Metabolic engineering of Corynebacterium glutamicum for enhanced 5-aminolevulinic acid production via precise porphobilinogen synthase activity modulation

5-Aminolevulinic acid (5-ALA) is a valuable precursor for pharmaceuticals and agriculture, but its microbial production is limited by tight coupling to essential heme biosynthesis. Here, we introduce a systematic, activity-graded tuning strategy for porphobilinogen synthase (PBGS, encoded by hemB) to decouple 5-ALA synthesis from heme metabolism in Corynebacterium glutamicum. Guided by structural and functional analyses, PBGS variants with progressively reduced activities were constructed to investigate the quantitative relationship between enzyme activity, cell growth, and 5-ALA accumulation. Controlled attenuation of PBGS activity maintained essential metabolism while markedly enhancing 5-ALA accumulation and minimizing porphyrin by-products. The engineered strain FA3 [hemB(D128E), hemA overexpression] achieved an optimal balance of growth and productivity. Metabolomic profiling confirmed that PBGS downregulation primarily suppressed porphyrin biosynthesis with minimal impact on central carbon metabolism. Subsequent metabolic and process optimizations, including gdhA and aceA deletion, dynamic rhtA expression, and cultivation control, further boosted production to 14.44 g/L 5-ALA in shake-flask culture, representing the highest shake-flask titer reported to our knowledge for C. glutamicum under similar conditions. This work provides the first systematic dissection of PBGS activity-dependent metabolic regulation and demonstrates that graded control of an essential enzyme enables rational metabolic decoupling, offering a broadly applicable framework for robust, high-yield microbial production of valuable compounds.IMPORTANCE5-Aminolevulinic acid (5-ALA) is an important precursor with pharmaceutical and agricultural applications, but microbial production is often constrained by its tight linkage to essential heme metabolism.

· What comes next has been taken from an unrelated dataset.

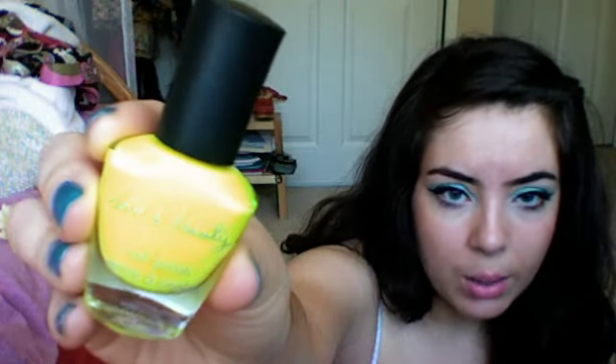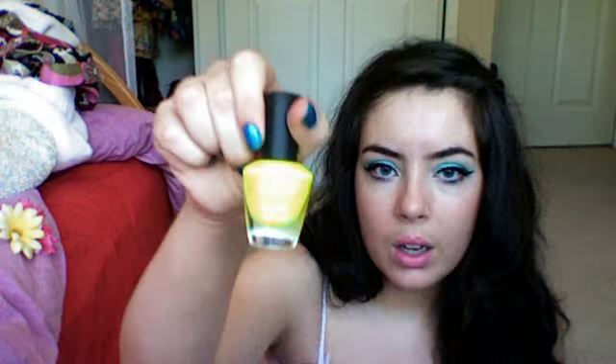Next is this nail polish I just got at Forever 21 and it's neon yellow. It doesn't look very neon on camera, but I promise it is very neon. I had it on and I peeled it off — I just do that sometimes. It's really matte when you first put it on, so you have to put clear nail polish over it. It's just called Neon Yellow and it was only $2.80. I really like bright things right now, so that's why I really like this. It's really fun for the summer.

Here, we systematically tuned porphobilinogen synthase activity to decouple 5-ALA accumulation from excessive porphyrin flux while maintaining cell growth. This strategy not only enabled the highest reported 5-ALA titer in Corynebacterium glutamicum but also highlights a broadly applicable framework for rationally engineering essential metabolic enzymes to achieve robust, high-yield microbial production of valuable compounds.